Immer wieder sind Privilegien für Bundesparlamentarier ein Aufreger. Und oft sind den Kritikern die 1.-Klass-Generalabonnements (GA), die alle Parlamentarier erhalten, ein Dorn im Auge. Plus Gratis-Parking auf allen SBB-Parkplätzen in der Schweiz, versteht sich.
SVP-Nationalrat Lukas Reimann (35) wollte dem einen Riegel schieben. Ginge es nach ihm, erhielten die Mitglieder von National- und Ständerat nur noch ein 2.-Klass-GA. Damit liessen sich 600'000 Franken sparen. «Ein starkes Signal ans Volk, dass man gewillt ist, selbst einen Beitrag zur Erhaltung des Budgets zu leisten», so Reimann 2016, als er seine Motion einreichte.
Reimanns Motion hatte zwei Schönheitsfehler
Nur: Der Vorstoss, der diesen Donnerstag im Nationalrat mit 154 Nein- zu 28 Ja-Stimmen und neun Enthaltungen versenkt wurde, hatte zwei Mankos:
Erstens kam er zu spät. Bekanntlich schrieb die letztjährige Rechnung des Bundes einen Gewinn von fast drei Milliarden Franken. Die Parlamentarier sehen sich offenbar nicht mehr zu Sparsamkeit veranlasst.
Und zweitens hatte Reimann mit seiner Motion auch die GA der Kaderangestellten von Bund, SBB und dem Verband öffentlicher Verkehr im Visier. Diese erhalten den ÖV-Freipass als Lohn- oder Spesenbestandteil.
Wie sich aber ihr Einkommen zusammensetzt, dazu habe das Parlament nichts zu sagen, befand der Bundesrat. Dafür seien die jeweiligen Arbeitgeber zuständig. Ausserdem hätten die Bundesangestellten in der 1. Klasse mehr Ruhe und mehr Platz zum Arbeiten.
Kälin möchte das Ende der 1. Klasse bei den SBB
Just dieses Argument kommt einem bekannt vor. Mit genau diesem wurde die Grünen-Nationalrätin Irène Kälin (31) Ende Januar von den Parlamentsdiensten abgespiesen.
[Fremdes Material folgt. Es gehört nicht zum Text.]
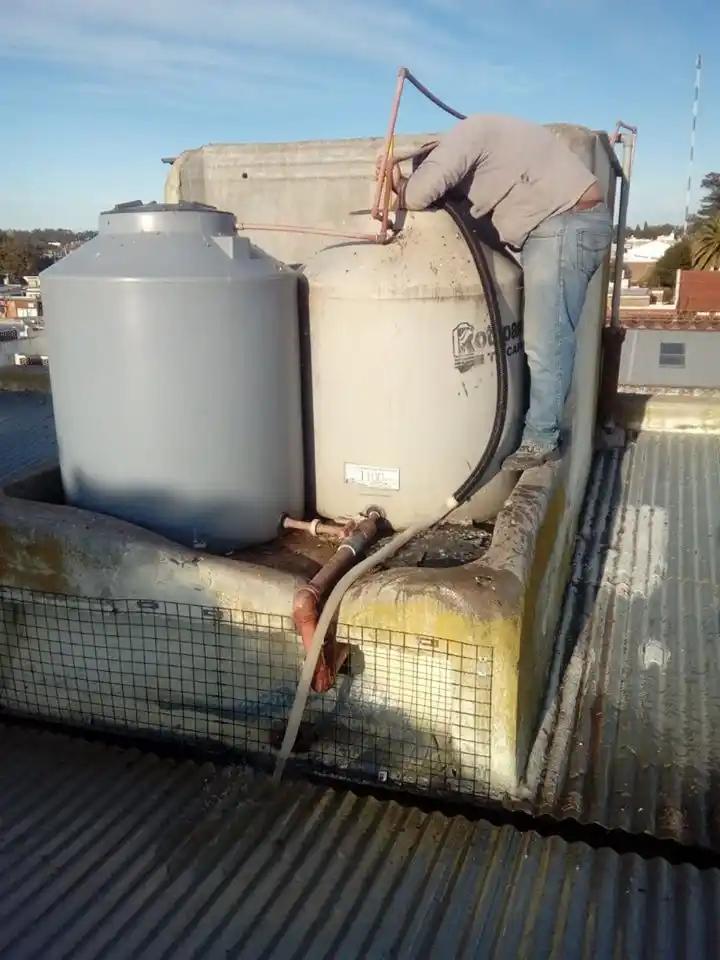 Limpieza de tanques de agua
Die Aargauerin rutschte im November 2017 in den Nationalrat nach und wollte ausdrücklich ein 2.-Klass-GA, wie die «Aargauer Zeitung» berichtete.
Kälin enthielt sich gestern der Stimme zur Motion, wie der Aargauer SVP-Nationalrat Andreas Glarner (55) sofort verbreitete. Das Argument der Lenzburgerin: Die Politik dürfte den SBB nicht in die Lohnverhandlungen reinreden und die GA seien ein Lohnbestandteil.
An ihr 1.-Klass-Privileg will sie sich aber überhaupt nicht gewöhnen. Sie wird deshalb einen eigenen Vorstoss nur zur Abschaffung der 1.-Klass-GA für Parlamentarier einreichen.
Denn die 1. Klasse findet sie grundsätzlich störend. Den grosszügigen Raum könnten 2.-Klass-Reisende in Stosszeiten gut gebrauchen.